Researchers at MIT’s Computer Science and Artificial Intelligence Laboratory (CSAIL) are developing robots that can teach each other learned skills.

These robots at MIT can teach one another

Researchers at MIT’s Computer Science and Artificial Intelligence Laboratory (CSAIL) are developing robots that can teach each other learned skills.

Dubbed C-LEARN, (the ‘C’ stands for ‘constraints’) the program sought to solve issues faced in how robots learn. Traditionally, robots usually either copy an observed task or by following commands using motion-plan techniques, such as optimization, according to Digital Trends.

These methods, however, come with setbacks.

Robots that learn by demonstration aren’t able to transfer the skills they’ve learned to one another. Motion planning systems robots are accurate, but they require hand coding, which is often time-consuming.

The C-LEARN solution gives non-coders the ability to teach robots various tasks using information about manipulating objects in a single demonstration. These skills can then be passed along to other robots that move in different ways.


The process starts with a user giving a robot information for reaching and grasping objects with different constraints. “For example, a tire and a steering wheel have similar shapes, but to attach them to a car, the robot has to configure its arms differently to move them. The knowledge base contains the information needed for the robot to do that,” MIT wrote on its website.

From there the operator shows the robot a single demonstration of a specific task with a 3-D interface that uses a sequence of moments known as “keyframes.” Matching the keyframes to different situations in the knowledge base, allows the robot to “suggest motion plans for the operator to approve or edit as needed,” wrote MIT.

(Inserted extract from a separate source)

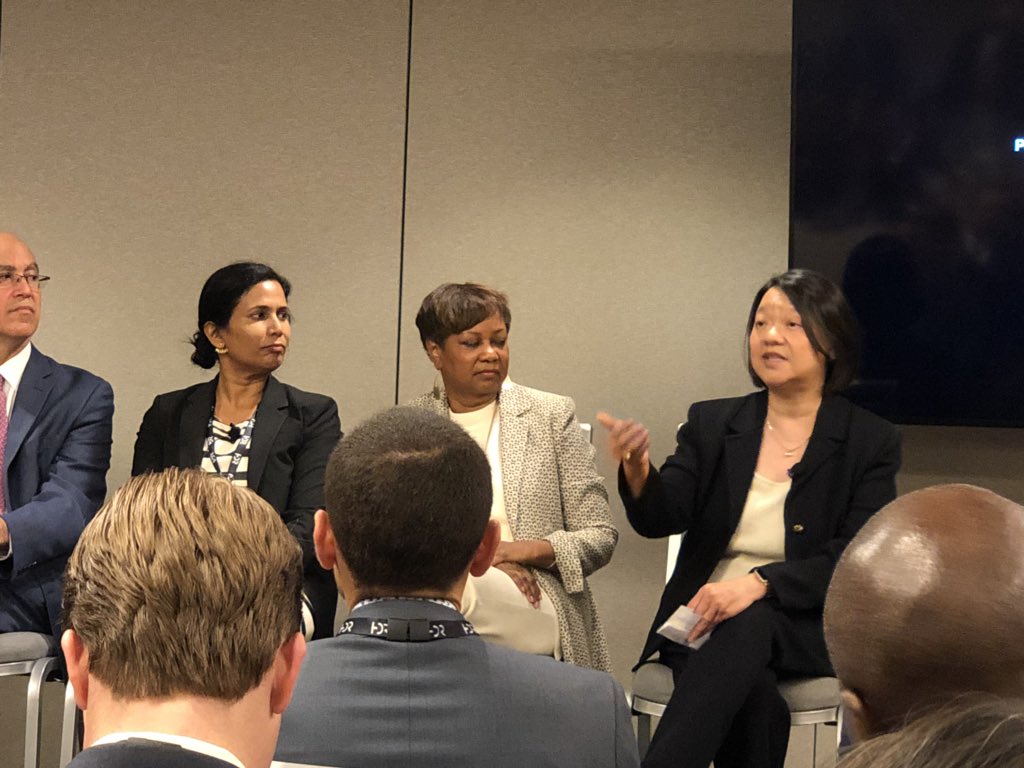 lblarrea's tweet photo. #3rdEducRevolution #USCM2018 #WDC Valerie Robberson, PhD Prez
RoxburyCC &amp; Pam Eddinger PhD, Prez BunkerHillCC partnering w/employers! #pilots #Promise #tech #workforce @WFSDallas @joancrigger1 @judymc15 @mcgough_andrew  @PerkeyKevin @mayorcabaldon @ResCareWFS @memattke https://t.co/rJucrJAvKb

One challenge the team faced came after the robots learned their constraints from demonstrations. They were found to be unable to manipulate objects with precision. The team fixed the dilemma by designing constraints using computer-aided design (CAD) programs. These programs told the robot if its hands should be parallel or perpendicular in order interact with a particular object.


Researchers tested their new system out on Optimus, a two-armed robot used in bomb disposal. Optimus was programmed to open doors, transport objects and to extract objects from containers. Once the systems were in place, Optimus successfully transferred the learned skills to Atlas, a 6-foot-tall 400 lb. humanoid robot.

MIT found that the robot was able to excel with it collaborated with humans. Despite an 87.5 percent success rate on its own, the robot succeeded 100 percent of the time with an operator, “that could correct minor errors related to the robot’s occasional inaccurate sensor measurements,” wrote MIT.

The inspiration behind the project was the team’s desire to make robots more useful and user friendly for people.

“Very precise manipulation is difficult to do. In manufacturing, for example, traditional robots must be carefully programmed for each specific task,” wrote MIT CSAIL Ph.D. student, Claudia Perez-D’Arpino in an email to Fox News. “In emergency scenarios like bomb disposal, the best technology currently available in the field is ‘joint-by-joint teleoperation,’ which means that a human expert is essentially puppeting the robot at a high level of detail.”

A paper describing C-LEARN was accepted to the IEEE International Conference on Robotics and Automation (ICRA), which takes place May 29 to June 3 in Singapore, according to MIT.